Beyond Loyola

Positioning the RCEP within the Philippines’ import-leaning economy

By and
Published May 28, 2023 at 7:58 pm
Graphic by Gerald Lois Roldan

ON FEBRUARY 21, 2023, the Philippines ratified the Regional Comprehensive Economic Partnership (RCEP) with the hope that joining the largest free trade agreement in the world would calm prices amid record-high inflation. As a member of the RCEP, the Philippines is granted freer access to trade with neighboring economic giants such as China, Japan, South Korea, and Australia with little to no restraint on quotas or taxes.

As an inflation-damaged and import-oriented economy, the implications of the RCEP on the Philippines will differ from its larger export-oriented neighbors. With the Philippines’ access to imports being eased, its structural advantages and disadvantages will both be amplified. Ultimately, the ratification of the RCEP bolsters the Philippines’ role as a global trading partner and improves its commercial appeal among the Southeast Asian and East Asia-Pacific regions.

Blurring borders

The RCEP aims to strengthen Southeast Asia’s economic ties with Australia, China, Japan, Korea, and New Zealand by further liberalizing international trade. These include greatly reducing customs duties, import-export quotas, and tariffs that otherwise limit the kind and volume of goods countries may exchange not covered by pre-existing trade agreements. Among its most prominent measures, the RCEP reduces tariffs on 92% of traded goods, introduces safeguards for e-commerce and intellectual property, and provides preferential market treatment to member states.

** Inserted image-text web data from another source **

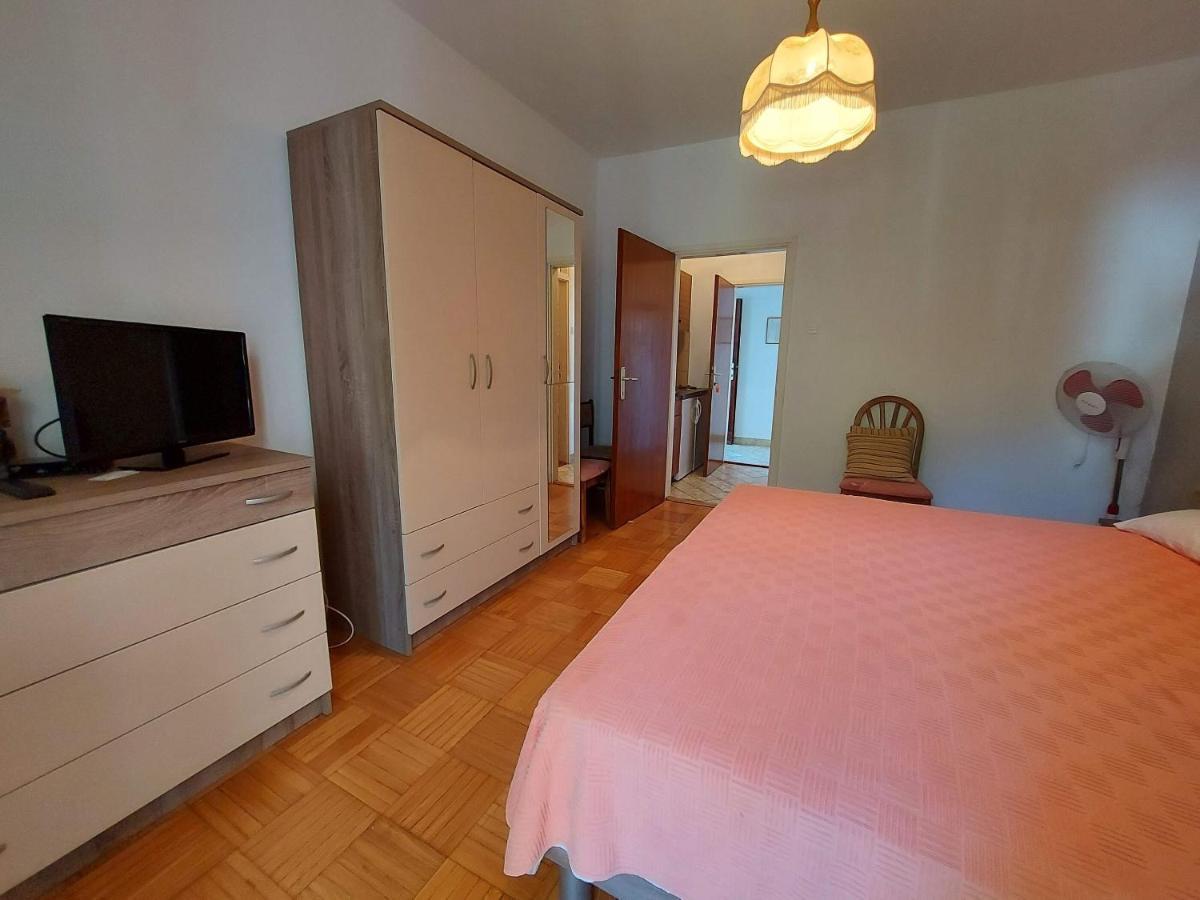 Apartments Fam Tomasic Baška Exterior foto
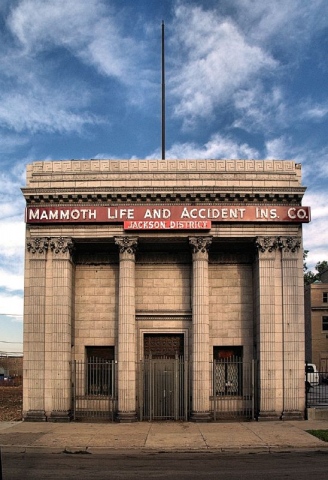 A Building in Bronzeville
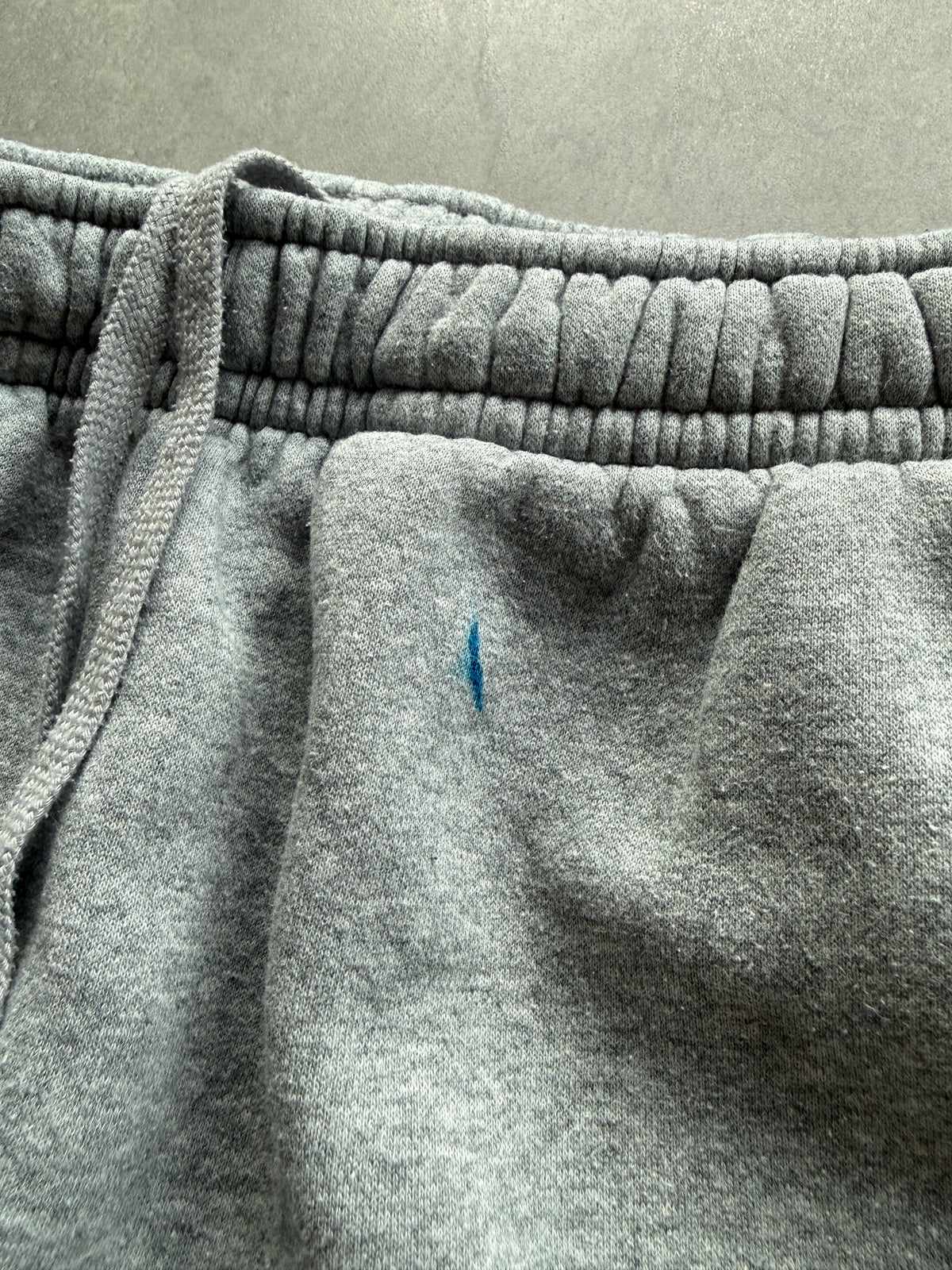 Nike muška siva cargo trenerka (S)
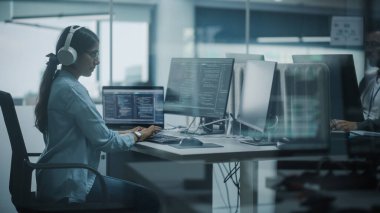 Otantik Ofis: Hevesli Siyah Bilişim Programcısı Masaüstü Bilgisayarında Çalışmaya Başladı. Erkek Web Sitesi Geliştiricisi, Yazılım Mühendisi Geliştirme Uygulaması, Video Oyunu. Kodlama Programlama Dili ile Uçbirim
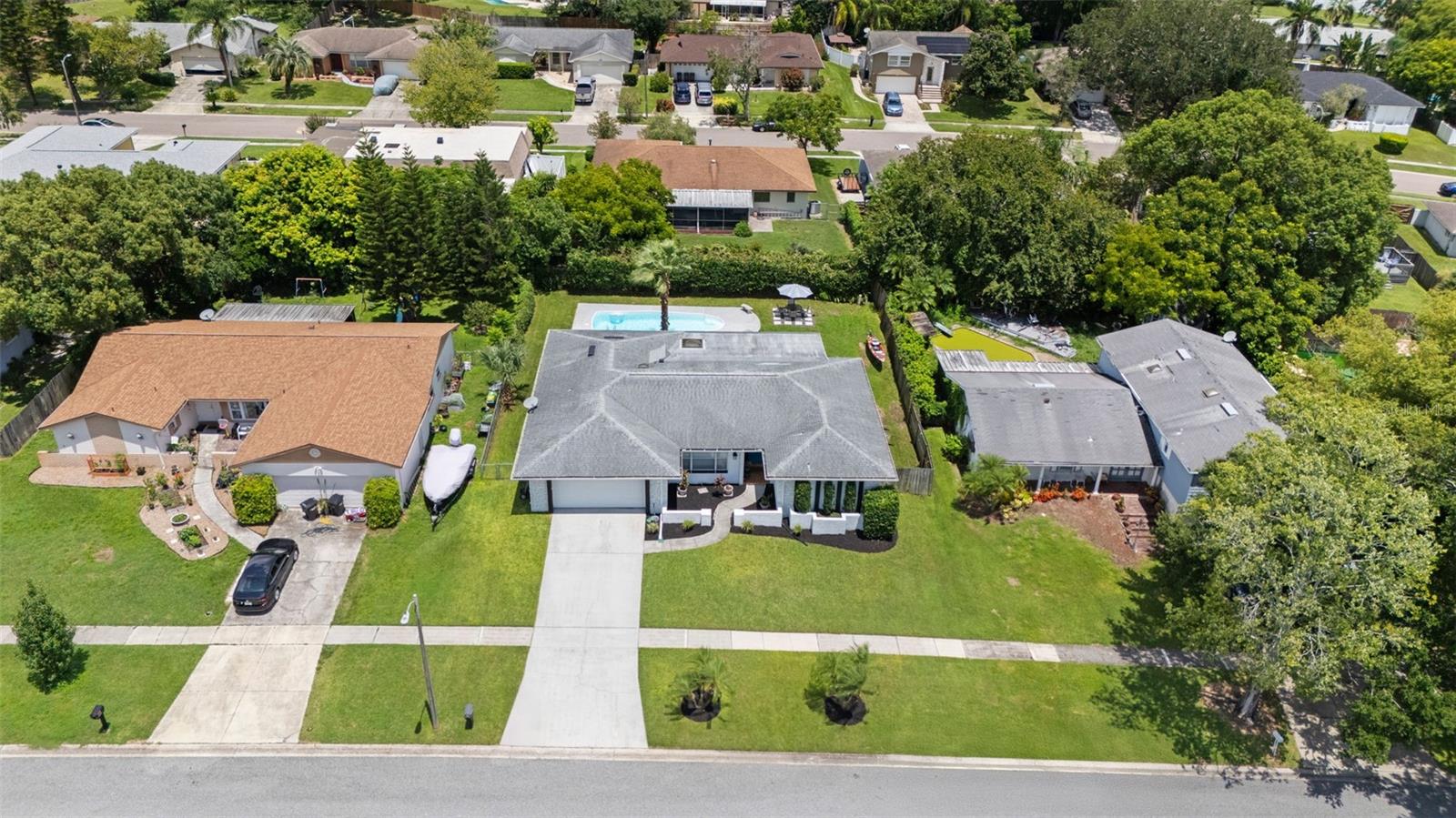 605 SPRING OAKS BLVD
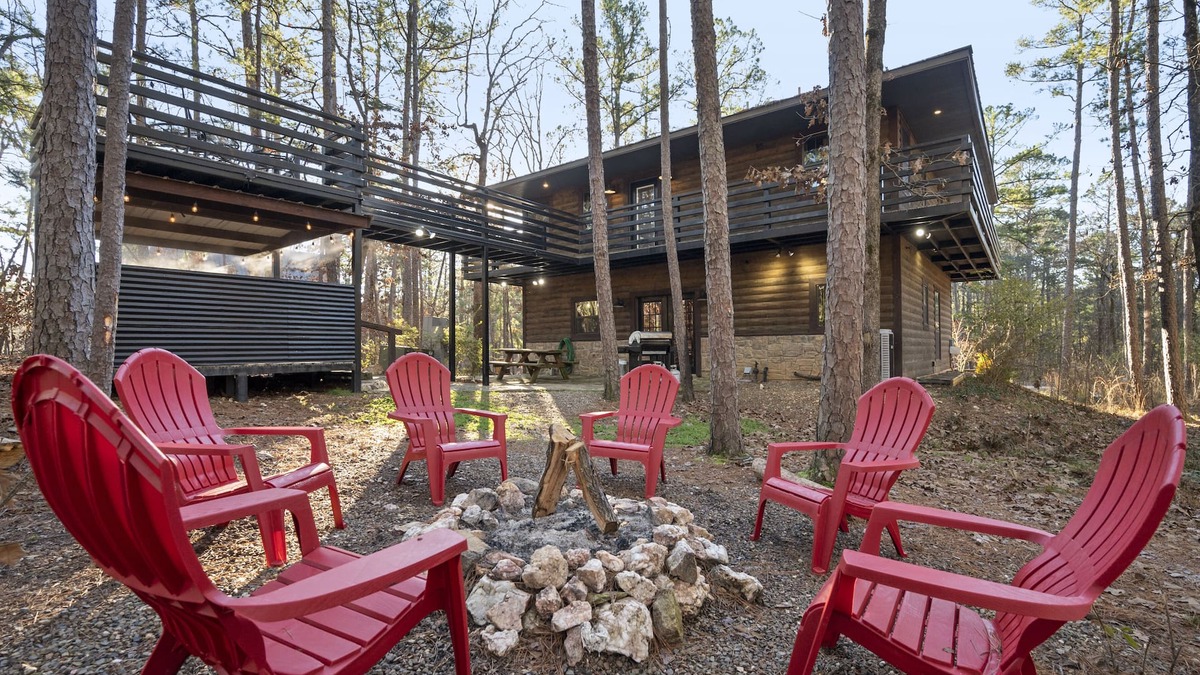 Broken Bow Cabin | Spacious 2BR in Hochatown King Bed Ensuite Arcade Parking Hot Tub Boat Parking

In the Philippines’ inflation-ridden and import-oriented context, these policies allow local firms to import and manufacture goods at lower costs. This will provide the market with a wider variety of commodities and strengthen strategic partnerships with larger economies. Philippine exports will also find wider markets with the ease in distribution policies.

Outside the country, foreign investors are likely to enjoy larger profit margins due to the lowered import costs and currency differentials, making the Philippines a promising site for business ventures. Department of Trade and Industry (DTI) Secretary Alfredo Pascual welcomed the agreement in a virtual briefing, expecting that foreign investors are “ready to avail of the advantages being afforded to use under RCEP.”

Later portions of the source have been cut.